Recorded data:
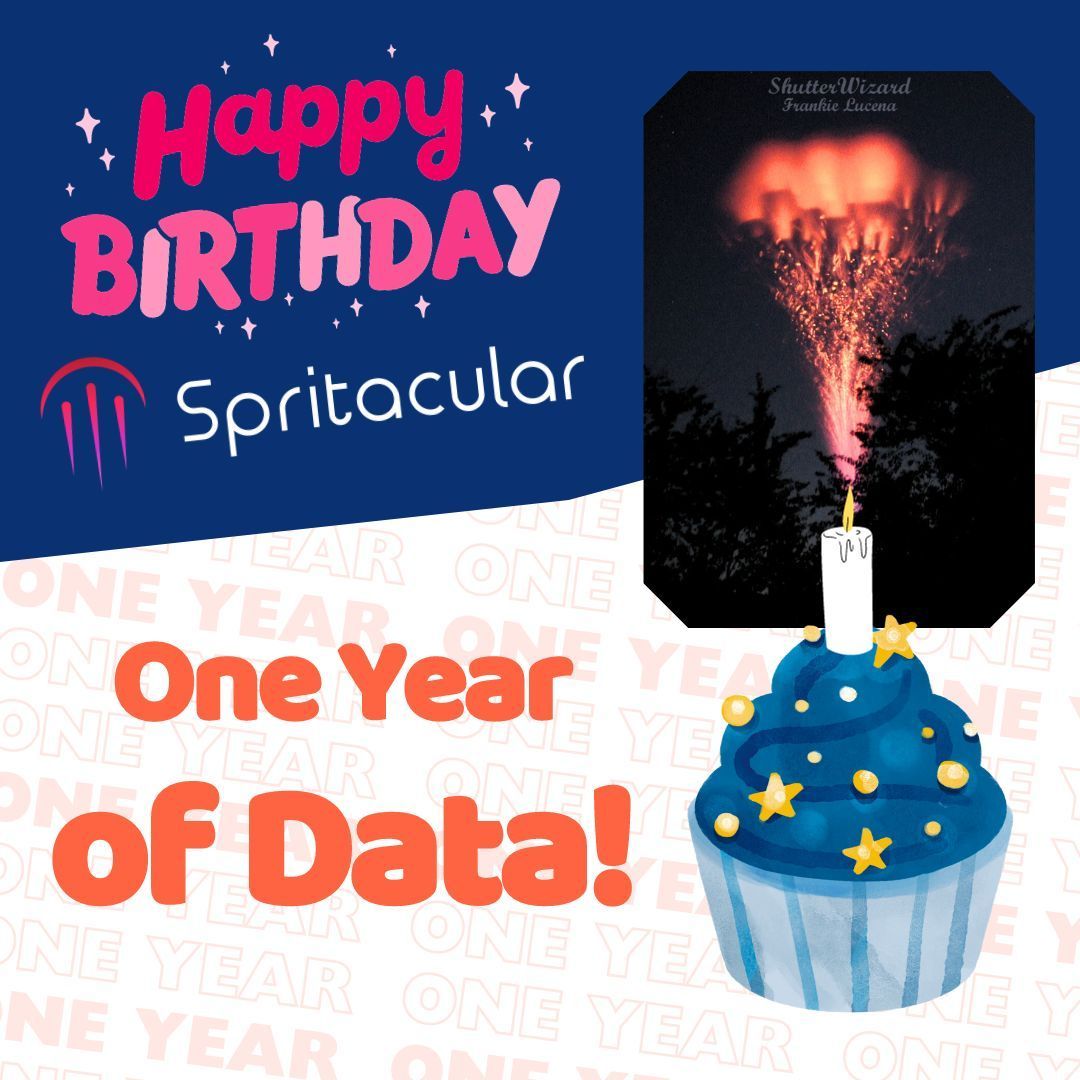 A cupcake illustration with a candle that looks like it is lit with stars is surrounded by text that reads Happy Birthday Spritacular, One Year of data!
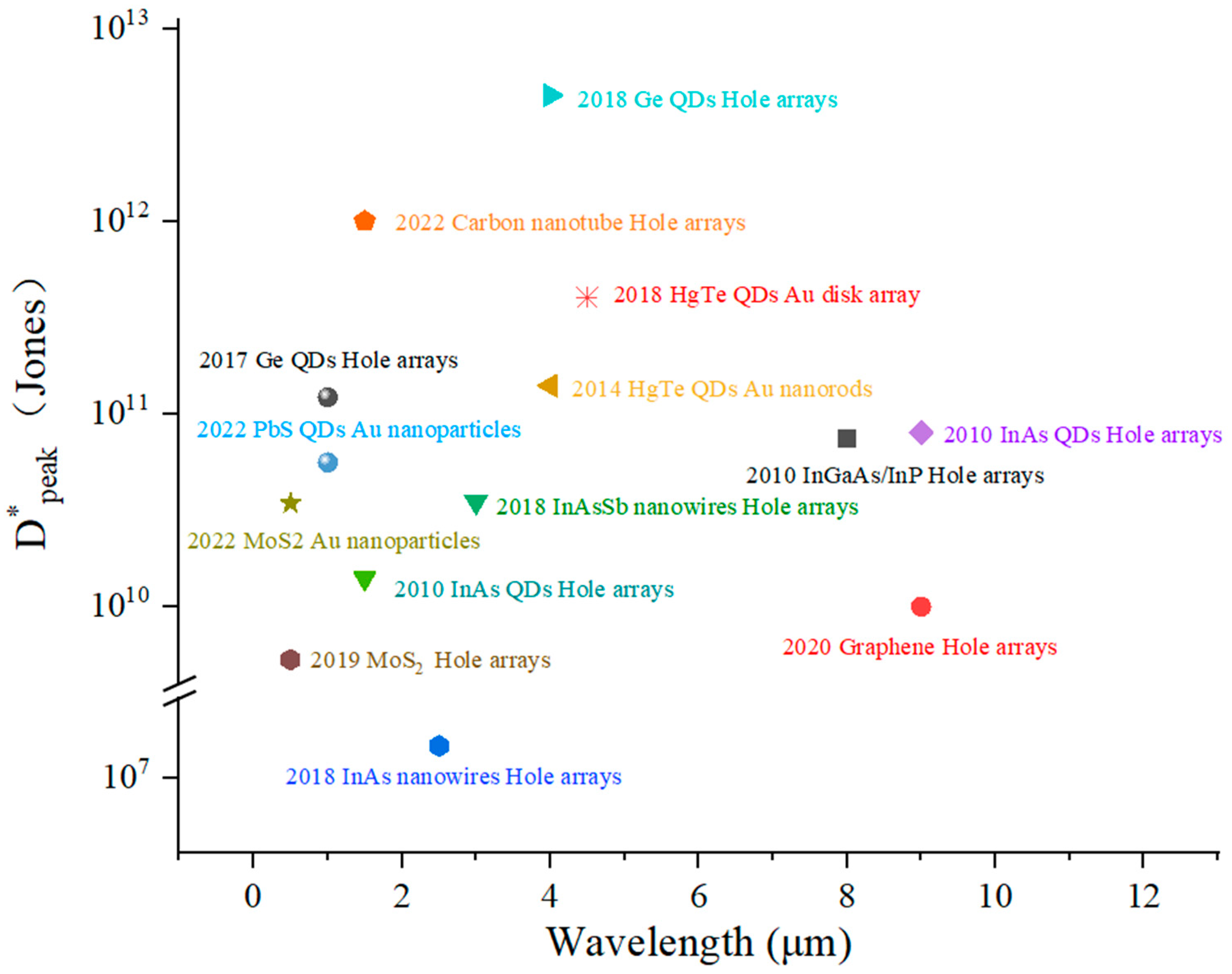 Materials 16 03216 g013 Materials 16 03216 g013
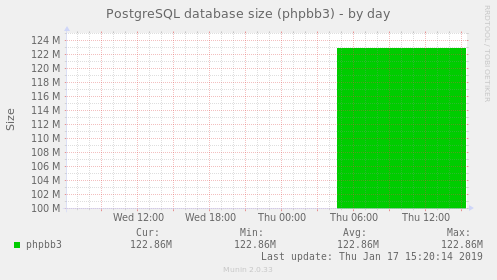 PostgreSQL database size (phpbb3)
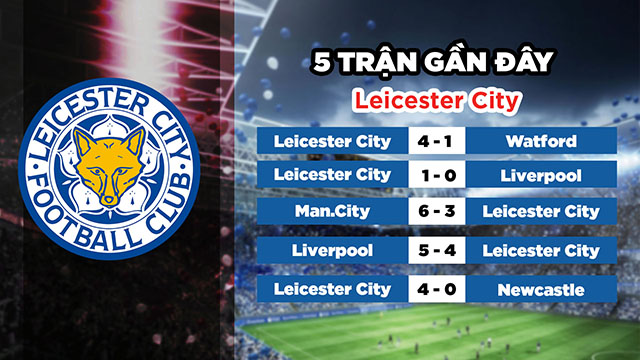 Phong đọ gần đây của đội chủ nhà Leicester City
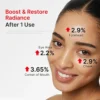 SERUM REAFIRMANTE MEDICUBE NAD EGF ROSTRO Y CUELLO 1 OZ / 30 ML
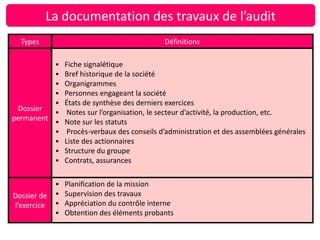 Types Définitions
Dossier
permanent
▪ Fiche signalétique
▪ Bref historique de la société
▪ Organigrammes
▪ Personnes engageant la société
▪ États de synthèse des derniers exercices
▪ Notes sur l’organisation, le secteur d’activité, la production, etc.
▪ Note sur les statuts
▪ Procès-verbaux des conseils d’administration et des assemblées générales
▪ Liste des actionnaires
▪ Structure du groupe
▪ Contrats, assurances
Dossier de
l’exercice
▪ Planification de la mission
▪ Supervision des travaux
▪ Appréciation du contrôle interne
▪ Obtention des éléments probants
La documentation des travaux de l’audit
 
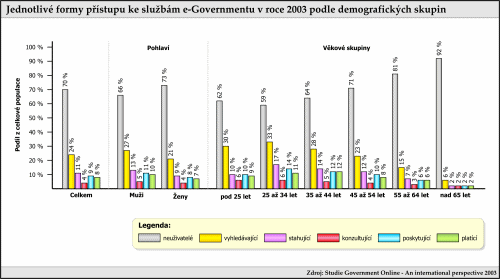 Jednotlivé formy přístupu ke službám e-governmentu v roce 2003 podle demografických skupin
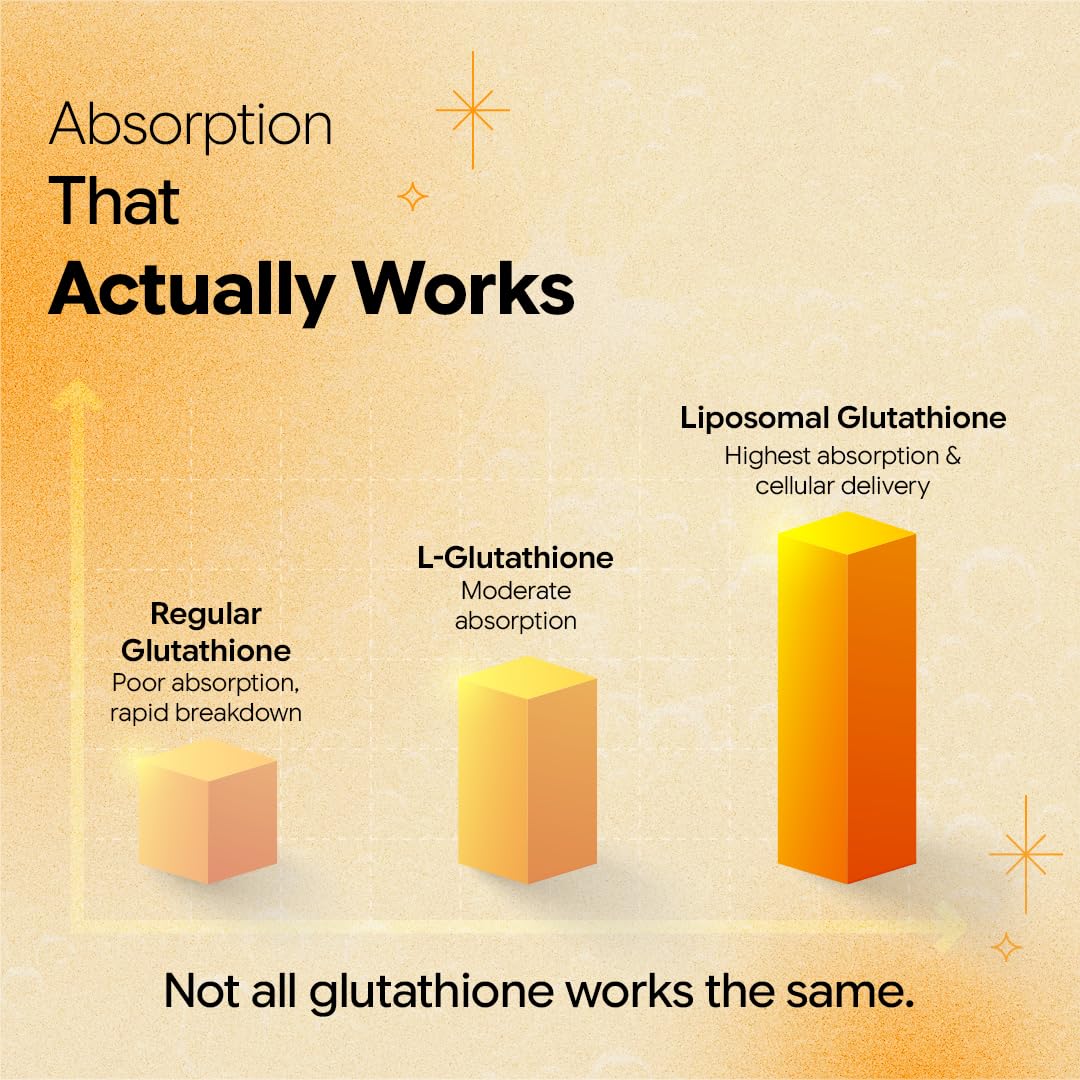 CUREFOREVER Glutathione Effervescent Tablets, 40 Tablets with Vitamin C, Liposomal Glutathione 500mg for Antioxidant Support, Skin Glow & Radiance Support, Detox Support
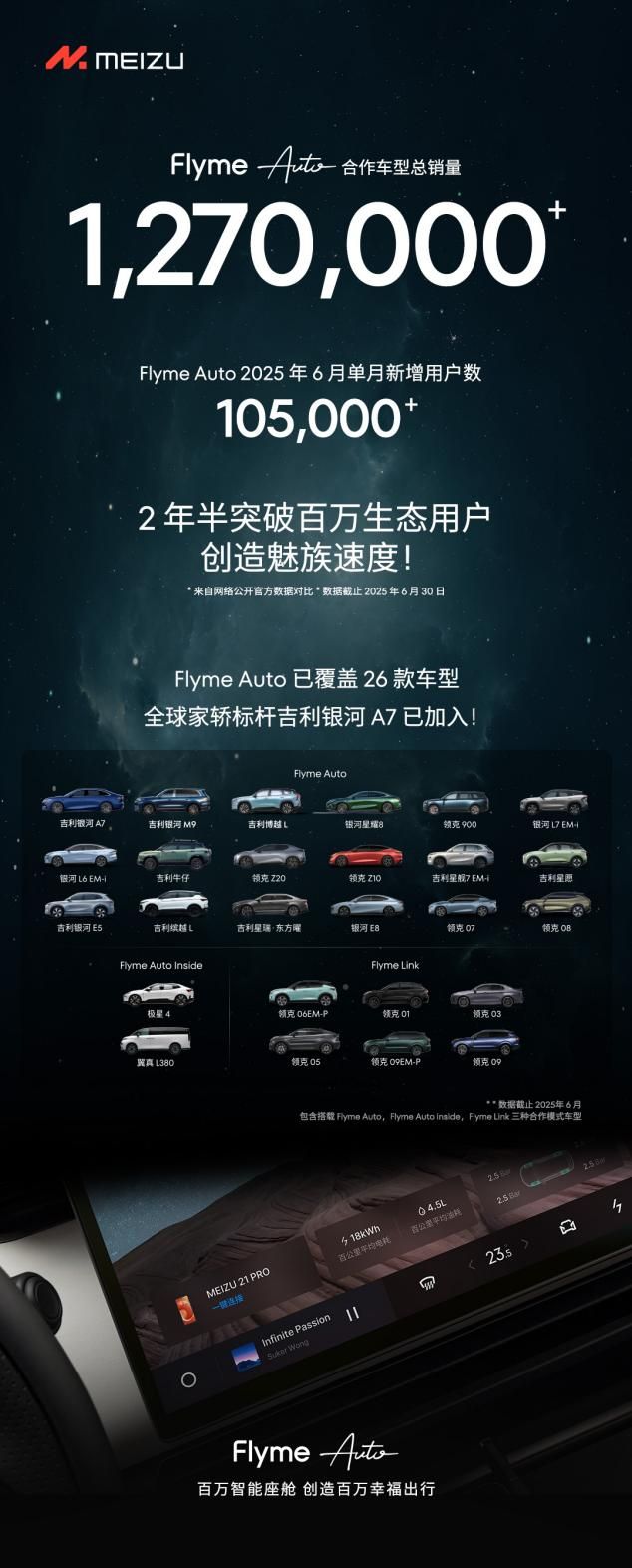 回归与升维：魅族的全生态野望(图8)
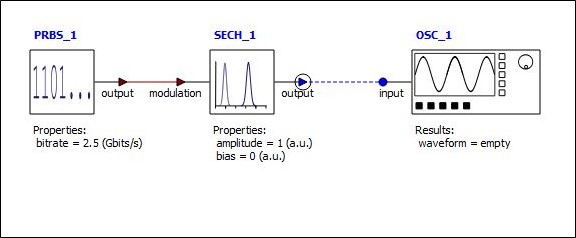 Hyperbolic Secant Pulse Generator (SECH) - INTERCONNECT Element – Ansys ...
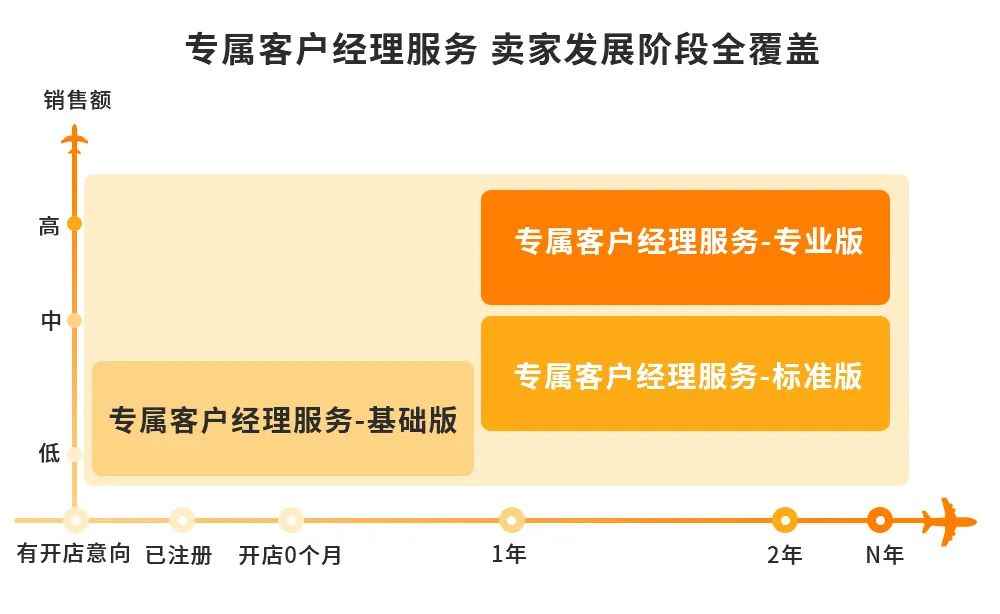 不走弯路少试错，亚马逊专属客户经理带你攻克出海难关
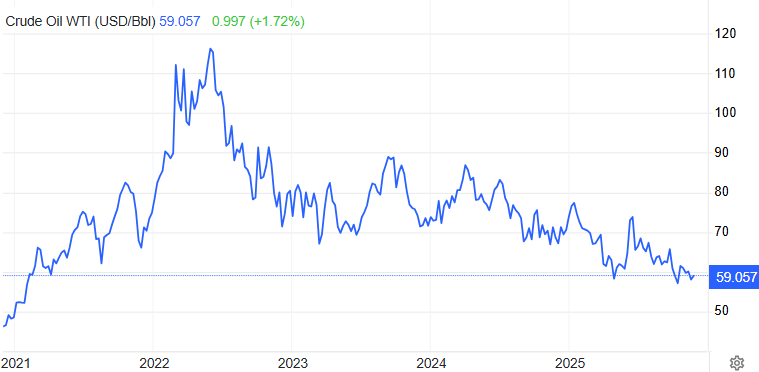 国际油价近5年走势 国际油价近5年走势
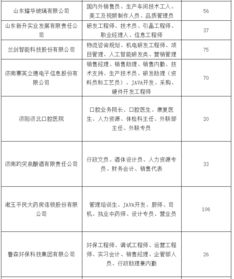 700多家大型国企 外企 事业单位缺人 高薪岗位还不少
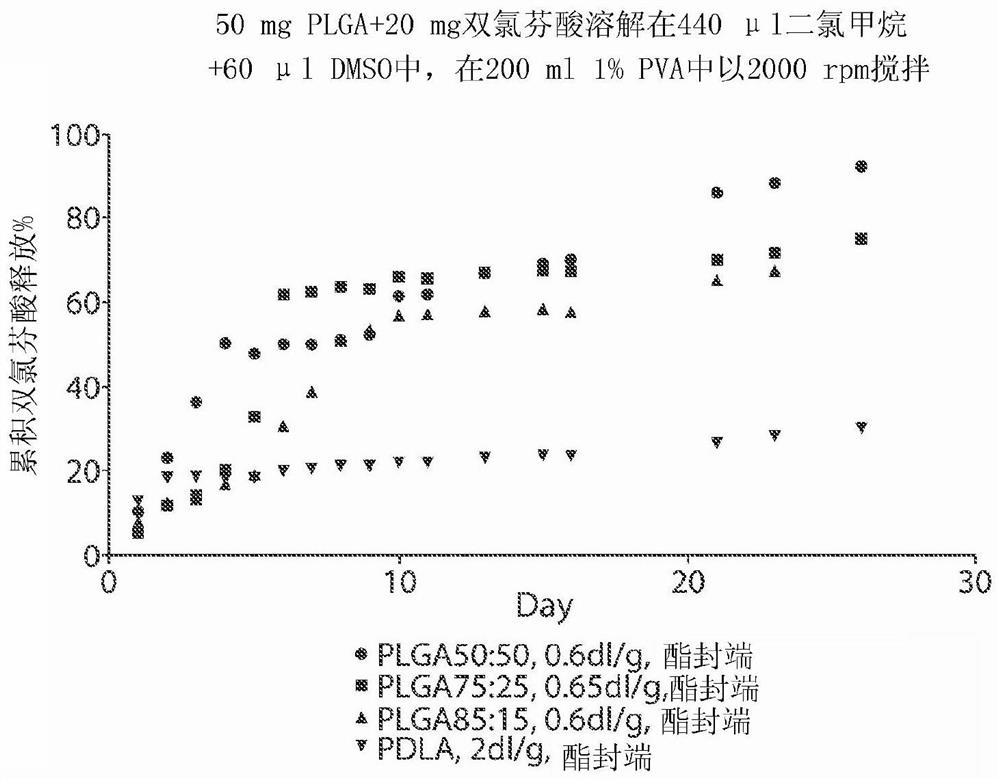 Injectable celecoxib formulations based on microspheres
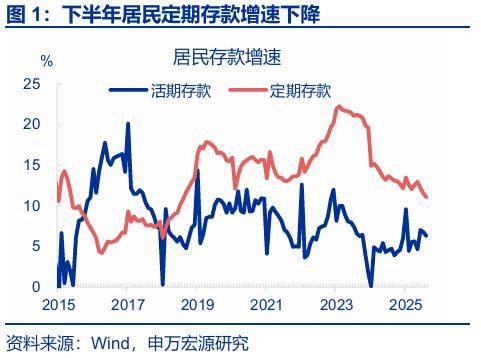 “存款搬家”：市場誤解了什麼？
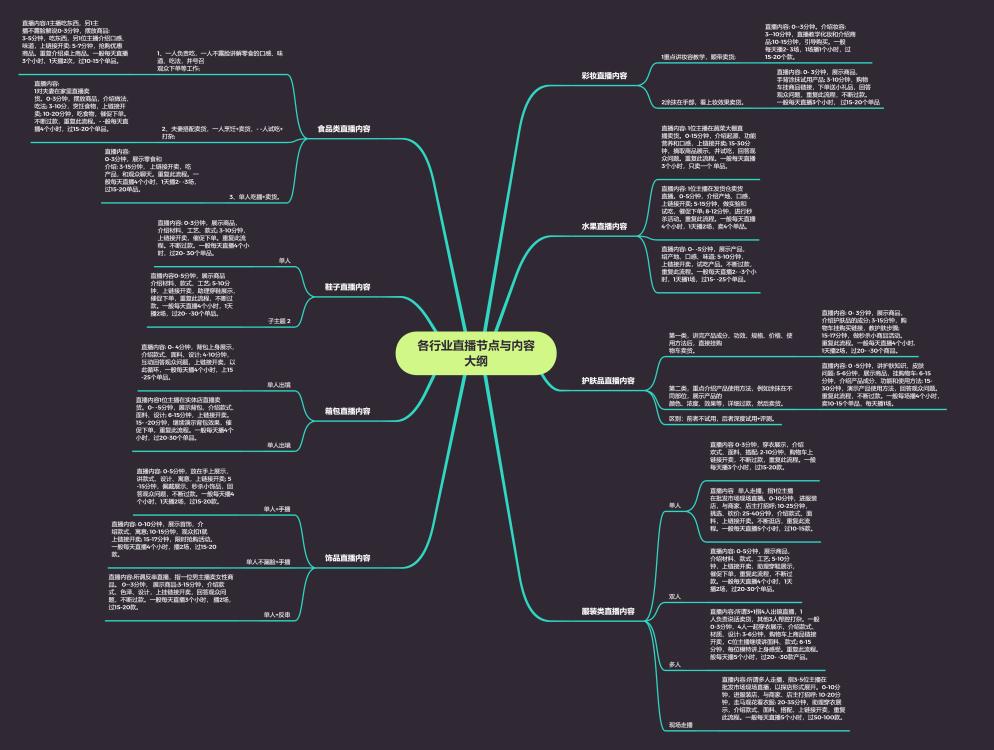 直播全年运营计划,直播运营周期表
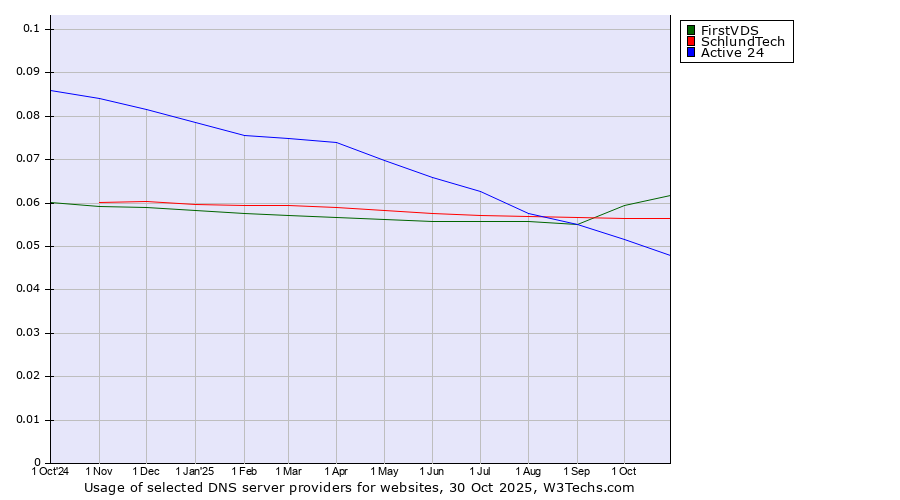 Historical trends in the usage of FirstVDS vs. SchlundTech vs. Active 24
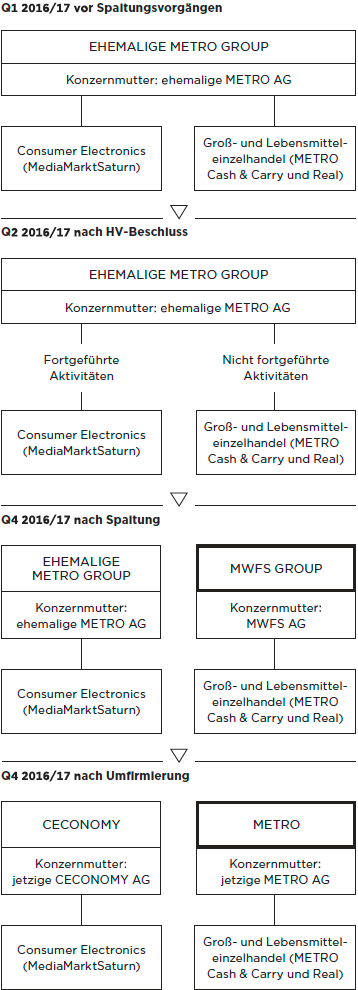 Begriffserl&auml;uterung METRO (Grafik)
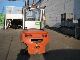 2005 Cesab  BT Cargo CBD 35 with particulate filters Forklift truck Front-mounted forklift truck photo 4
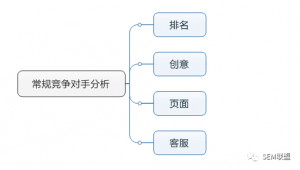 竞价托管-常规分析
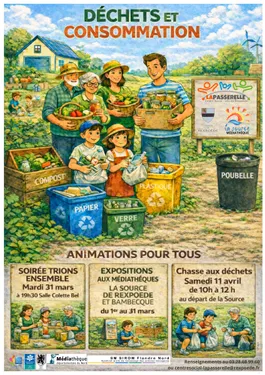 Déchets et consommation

- DESCRIPTION OF THE TASK:
Copy the entries precisely, images excluded.

- ANSWER FOR THIS EXERCISE:
 A cupcake illustration with a candle that looks like it is lit with stars is surrounded by text that reads Happy Birthday Spritacular, One Year of data!
 Materials 16 03216 g013 Materials 16 03216 g013
 PostgreSQL database size (phpbb3)
 Phong đọ gần đây của đội chủ nhà Leicester City
 SERUM REAFIRMANTE MEDICUBE NAD EGF ROSTRO Y CUELLO 1 OZ / 30 ML
 Types Définitions
Dossier
permanent
▪ Fiche signalétique
▪ Bref historique de la société
▪ Organigrammes
▪ Personnes engageant la société
▪ États de synthèse des derniers exercices
▪ Notes sur l’organisation, le secteur d’activité, la production, etc.
▪ Note sur les statuts
▪ Procès-verbaux des conseils d’administration et des assemblées générales
▪ Liste des actionnaires
▪ Structure du groupe
▪ Contrats, assurances
Dossier de
l’exercice
▪ Planification de la mission
▪ Supervision des travaux
▪ Appréciation du contrôle interne
▪ Obtention des éléments probants
La documentation des travaux de l’audit
 
 Jednotlivé formy přístupu ke službám e-governmentu v roce 2003 podle demografických skupin
 CUREFOREVER Glutathione Effervescent Tablets, 40 Tablets with Vitamin C, Liposomal Glutathione 500mg for Antioxidant Support, Skin Glow & Radiance Support, Detox Support
 回归与升维：魅族的全生态野望(图8)
 Hyperbolic Secant Pulse Generator (SECH) - INTERCONNECT Element – Ansys ...
 不走弯路少试错，亚马逊专属客户经理带你攻克出海难关
 国际油价近5年走势 国际油价近5年走势
 700多家大型国企 外企 事业单位缺人 高薪岗位还不少
 Injectable celecoxib formulations based on microspheres
 “存款搬家”：市場誤解了什麼？
 直播全年运营计划,直播运营周期表
 Historical trends in the usage of FirstVDS vs. SchlundTech vs. Active 24
 Begriffserl&auml;uterung METRO (Grafik)
 2005 Cesab  BT Cargo CBD 35 with particulate filters Forklift truck Front-mounted forklift truck photo 4
 竞价托管-常规分析
 Déchets et consommation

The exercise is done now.